_GOAL OF THE EXERCISE_: Copy each line of the data beneath in which the word "forest" appears.

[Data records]
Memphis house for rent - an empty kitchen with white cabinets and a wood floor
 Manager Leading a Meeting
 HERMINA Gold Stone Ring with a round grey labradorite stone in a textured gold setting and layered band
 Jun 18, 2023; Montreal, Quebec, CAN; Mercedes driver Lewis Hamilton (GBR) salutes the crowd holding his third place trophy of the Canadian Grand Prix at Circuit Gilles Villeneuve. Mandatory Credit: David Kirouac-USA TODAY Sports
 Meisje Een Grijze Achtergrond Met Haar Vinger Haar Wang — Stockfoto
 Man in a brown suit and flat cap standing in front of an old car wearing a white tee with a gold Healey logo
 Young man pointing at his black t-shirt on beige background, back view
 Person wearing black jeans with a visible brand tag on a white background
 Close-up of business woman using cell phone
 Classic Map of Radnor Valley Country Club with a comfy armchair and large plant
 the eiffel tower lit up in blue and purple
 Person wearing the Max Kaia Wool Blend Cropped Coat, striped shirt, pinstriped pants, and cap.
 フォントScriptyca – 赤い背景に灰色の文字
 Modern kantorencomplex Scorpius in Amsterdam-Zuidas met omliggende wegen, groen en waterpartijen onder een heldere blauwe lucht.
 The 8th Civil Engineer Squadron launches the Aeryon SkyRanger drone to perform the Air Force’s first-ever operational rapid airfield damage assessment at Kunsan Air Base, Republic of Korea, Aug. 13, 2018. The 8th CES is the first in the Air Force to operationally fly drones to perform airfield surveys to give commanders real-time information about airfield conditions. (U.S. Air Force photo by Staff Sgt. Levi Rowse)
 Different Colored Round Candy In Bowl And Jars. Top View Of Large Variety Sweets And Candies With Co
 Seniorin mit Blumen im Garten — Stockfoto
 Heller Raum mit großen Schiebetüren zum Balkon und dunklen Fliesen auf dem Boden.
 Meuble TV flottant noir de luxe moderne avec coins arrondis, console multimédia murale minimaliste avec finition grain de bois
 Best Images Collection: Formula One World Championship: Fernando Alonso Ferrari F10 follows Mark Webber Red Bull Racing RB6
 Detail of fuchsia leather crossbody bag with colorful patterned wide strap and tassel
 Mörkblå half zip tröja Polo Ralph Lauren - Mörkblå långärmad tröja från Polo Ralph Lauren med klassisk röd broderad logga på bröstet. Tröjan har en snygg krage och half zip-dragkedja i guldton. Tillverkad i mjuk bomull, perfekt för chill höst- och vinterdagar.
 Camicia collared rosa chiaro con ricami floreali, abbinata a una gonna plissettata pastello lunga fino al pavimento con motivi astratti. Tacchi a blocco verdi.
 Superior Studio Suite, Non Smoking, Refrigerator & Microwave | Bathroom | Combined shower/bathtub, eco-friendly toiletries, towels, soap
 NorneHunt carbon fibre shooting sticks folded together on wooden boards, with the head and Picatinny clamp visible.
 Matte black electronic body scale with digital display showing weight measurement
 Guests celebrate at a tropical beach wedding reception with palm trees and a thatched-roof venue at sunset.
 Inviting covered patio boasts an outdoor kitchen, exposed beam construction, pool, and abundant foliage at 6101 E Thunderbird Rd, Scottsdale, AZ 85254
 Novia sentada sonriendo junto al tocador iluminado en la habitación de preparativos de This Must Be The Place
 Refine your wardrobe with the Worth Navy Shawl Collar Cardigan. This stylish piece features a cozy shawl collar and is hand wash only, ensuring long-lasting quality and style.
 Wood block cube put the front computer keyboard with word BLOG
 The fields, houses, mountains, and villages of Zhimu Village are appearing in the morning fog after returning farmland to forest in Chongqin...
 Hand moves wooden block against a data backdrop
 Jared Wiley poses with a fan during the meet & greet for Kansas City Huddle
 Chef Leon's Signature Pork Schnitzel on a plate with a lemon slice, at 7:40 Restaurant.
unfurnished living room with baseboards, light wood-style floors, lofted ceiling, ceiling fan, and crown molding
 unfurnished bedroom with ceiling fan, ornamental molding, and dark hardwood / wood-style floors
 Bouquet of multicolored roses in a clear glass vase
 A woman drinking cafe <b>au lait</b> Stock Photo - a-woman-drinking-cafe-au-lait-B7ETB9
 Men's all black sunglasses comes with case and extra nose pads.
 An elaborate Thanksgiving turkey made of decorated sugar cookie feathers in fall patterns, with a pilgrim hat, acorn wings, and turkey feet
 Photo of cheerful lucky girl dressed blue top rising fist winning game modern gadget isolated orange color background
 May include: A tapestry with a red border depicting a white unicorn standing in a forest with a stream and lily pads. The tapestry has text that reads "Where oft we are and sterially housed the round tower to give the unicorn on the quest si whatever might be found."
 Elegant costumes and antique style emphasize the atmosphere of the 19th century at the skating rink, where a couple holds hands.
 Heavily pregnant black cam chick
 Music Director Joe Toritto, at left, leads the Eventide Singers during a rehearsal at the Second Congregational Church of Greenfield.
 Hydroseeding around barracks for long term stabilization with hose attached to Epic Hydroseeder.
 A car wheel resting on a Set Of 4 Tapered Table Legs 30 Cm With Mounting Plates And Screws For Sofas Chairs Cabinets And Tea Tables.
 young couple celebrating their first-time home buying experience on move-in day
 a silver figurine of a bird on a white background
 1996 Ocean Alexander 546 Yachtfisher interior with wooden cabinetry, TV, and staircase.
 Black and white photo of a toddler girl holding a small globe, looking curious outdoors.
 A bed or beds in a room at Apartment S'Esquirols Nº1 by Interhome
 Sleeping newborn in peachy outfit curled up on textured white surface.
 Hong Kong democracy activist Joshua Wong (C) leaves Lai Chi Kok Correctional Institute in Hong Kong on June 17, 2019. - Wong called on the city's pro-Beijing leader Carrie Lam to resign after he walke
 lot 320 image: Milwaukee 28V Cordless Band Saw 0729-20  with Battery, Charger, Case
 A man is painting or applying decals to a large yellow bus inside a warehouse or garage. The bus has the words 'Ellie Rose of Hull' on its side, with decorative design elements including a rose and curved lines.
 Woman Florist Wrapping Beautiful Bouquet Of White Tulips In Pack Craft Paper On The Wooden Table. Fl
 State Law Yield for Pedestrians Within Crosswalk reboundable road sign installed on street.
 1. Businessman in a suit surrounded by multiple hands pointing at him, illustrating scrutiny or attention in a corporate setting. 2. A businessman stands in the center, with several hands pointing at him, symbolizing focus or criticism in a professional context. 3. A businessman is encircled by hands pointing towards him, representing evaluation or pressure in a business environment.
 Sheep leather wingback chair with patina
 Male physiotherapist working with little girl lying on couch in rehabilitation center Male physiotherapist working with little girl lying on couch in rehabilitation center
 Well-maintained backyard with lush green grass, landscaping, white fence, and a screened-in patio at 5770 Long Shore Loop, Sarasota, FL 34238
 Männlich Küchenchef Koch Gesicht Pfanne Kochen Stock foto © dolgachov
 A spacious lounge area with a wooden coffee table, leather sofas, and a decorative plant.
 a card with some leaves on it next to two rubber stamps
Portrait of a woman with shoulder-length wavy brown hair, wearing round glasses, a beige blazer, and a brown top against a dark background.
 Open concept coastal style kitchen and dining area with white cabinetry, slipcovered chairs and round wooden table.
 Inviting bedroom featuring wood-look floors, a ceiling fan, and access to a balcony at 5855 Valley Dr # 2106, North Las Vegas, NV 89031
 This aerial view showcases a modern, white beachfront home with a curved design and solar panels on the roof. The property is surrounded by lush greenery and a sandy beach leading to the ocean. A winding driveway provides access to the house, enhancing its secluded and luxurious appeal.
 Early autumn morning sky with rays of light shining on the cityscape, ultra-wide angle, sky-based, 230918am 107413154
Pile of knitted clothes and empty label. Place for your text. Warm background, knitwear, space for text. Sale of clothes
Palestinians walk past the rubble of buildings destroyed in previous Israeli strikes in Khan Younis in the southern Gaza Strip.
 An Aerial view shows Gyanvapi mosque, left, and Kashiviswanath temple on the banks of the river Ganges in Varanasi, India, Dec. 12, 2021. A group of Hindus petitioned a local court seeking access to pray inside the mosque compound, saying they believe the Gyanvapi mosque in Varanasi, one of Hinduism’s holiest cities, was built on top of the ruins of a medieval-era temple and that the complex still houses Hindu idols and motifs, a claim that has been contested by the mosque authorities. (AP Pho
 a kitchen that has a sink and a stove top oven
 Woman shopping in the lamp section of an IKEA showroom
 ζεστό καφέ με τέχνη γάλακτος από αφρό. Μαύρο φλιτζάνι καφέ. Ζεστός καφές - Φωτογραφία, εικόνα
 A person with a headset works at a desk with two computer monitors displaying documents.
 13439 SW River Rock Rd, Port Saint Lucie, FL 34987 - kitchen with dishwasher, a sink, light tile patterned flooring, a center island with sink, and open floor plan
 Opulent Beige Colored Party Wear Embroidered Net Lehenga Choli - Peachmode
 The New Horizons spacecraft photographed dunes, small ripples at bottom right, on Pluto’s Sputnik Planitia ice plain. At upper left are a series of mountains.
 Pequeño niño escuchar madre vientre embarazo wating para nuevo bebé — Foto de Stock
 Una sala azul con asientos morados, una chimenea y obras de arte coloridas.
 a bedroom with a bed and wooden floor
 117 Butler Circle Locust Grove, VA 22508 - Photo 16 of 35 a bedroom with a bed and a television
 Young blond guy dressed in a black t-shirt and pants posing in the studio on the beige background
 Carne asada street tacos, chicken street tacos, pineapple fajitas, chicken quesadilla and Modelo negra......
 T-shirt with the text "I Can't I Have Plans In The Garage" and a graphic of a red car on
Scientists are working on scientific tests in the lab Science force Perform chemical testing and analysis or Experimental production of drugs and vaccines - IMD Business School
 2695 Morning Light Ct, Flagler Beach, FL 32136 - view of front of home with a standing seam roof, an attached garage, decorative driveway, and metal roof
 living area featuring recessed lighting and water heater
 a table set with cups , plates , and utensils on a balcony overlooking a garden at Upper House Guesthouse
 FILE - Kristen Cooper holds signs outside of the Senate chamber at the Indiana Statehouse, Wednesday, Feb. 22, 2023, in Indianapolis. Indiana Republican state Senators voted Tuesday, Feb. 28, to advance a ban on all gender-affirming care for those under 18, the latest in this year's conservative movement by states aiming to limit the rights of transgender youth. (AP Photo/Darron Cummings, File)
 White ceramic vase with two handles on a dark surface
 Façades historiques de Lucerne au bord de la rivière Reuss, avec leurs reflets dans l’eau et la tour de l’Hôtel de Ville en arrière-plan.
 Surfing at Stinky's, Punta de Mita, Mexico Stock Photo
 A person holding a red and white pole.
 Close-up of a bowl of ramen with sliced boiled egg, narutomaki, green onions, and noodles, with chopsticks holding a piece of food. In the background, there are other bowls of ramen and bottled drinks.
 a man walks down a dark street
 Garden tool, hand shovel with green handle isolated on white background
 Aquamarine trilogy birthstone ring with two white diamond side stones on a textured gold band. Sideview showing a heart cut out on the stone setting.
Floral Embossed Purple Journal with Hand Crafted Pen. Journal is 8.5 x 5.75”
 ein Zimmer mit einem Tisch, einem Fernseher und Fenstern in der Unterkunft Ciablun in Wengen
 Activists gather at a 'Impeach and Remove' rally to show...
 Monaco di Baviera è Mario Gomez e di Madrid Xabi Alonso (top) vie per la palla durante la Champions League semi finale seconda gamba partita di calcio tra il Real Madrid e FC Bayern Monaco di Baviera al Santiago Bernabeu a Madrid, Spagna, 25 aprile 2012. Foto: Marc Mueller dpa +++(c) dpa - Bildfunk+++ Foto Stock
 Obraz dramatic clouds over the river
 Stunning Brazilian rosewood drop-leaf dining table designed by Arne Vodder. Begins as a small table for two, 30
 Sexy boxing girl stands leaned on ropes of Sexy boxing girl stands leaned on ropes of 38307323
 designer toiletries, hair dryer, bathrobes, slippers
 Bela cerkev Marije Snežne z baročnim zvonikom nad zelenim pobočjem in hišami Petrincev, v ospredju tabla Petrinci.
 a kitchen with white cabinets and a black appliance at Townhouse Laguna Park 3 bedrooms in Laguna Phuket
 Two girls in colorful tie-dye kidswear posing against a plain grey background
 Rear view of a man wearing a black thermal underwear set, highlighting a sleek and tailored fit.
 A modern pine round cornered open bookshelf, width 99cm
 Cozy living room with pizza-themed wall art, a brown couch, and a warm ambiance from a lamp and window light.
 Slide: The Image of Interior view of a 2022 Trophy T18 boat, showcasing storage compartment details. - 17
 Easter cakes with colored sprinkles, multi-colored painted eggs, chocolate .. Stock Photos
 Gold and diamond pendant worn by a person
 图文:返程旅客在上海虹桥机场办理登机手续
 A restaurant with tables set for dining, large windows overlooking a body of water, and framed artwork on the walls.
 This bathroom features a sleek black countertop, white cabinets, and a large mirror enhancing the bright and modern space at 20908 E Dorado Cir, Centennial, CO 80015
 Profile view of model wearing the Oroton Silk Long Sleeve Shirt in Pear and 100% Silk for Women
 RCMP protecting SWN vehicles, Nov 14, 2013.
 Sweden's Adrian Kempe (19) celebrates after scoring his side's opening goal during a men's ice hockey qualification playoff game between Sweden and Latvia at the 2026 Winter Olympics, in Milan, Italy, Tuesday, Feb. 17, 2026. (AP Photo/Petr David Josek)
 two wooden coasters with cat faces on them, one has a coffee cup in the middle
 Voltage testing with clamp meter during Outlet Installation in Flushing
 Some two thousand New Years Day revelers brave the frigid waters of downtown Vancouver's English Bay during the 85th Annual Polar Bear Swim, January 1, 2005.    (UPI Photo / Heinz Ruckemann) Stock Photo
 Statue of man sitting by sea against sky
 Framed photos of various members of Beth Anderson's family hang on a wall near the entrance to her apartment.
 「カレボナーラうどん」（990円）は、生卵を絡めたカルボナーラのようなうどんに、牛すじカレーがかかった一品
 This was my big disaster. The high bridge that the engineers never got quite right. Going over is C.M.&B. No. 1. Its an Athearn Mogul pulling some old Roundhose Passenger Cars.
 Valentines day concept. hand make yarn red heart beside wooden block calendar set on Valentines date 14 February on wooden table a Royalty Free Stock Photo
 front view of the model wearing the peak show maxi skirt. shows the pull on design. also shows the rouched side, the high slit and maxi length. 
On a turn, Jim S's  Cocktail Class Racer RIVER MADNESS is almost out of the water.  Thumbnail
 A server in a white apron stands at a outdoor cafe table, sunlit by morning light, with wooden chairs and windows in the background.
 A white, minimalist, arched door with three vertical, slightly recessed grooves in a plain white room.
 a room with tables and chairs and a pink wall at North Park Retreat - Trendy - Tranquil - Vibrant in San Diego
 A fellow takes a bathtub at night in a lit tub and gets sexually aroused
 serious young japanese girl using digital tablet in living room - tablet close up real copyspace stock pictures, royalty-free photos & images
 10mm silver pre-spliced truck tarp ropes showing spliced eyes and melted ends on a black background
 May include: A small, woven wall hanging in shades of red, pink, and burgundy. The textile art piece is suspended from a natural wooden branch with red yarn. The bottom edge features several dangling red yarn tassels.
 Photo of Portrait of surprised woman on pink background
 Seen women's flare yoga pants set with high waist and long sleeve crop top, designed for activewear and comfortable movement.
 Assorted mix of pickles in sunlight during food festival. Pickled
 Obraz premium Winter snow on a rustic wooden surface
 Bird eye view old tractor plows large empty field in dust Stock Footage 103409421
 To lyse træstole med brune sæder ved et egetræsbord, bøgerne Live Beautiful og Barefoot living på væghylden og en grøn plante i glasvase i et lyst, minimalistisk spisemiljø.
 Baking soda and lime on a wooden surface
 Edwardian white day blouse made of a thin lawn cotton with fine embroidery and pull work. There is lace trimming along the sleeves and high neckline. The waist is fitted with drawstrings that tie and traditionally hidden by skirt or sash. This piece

_EXERCISE RESPONSE_:
 The fields, houses, mountains, and villages of Zhimu Village are appearing in the morning fog after returning farmland to forest in Chongqin...
 May include: A tapestry with a red border depicting a white unicorn standing in a forest with a stream and lily pads. The tapestry has text that reads "Where oft we are and sterially housed the round tower to give the unicorn on the quest si whatever might be found."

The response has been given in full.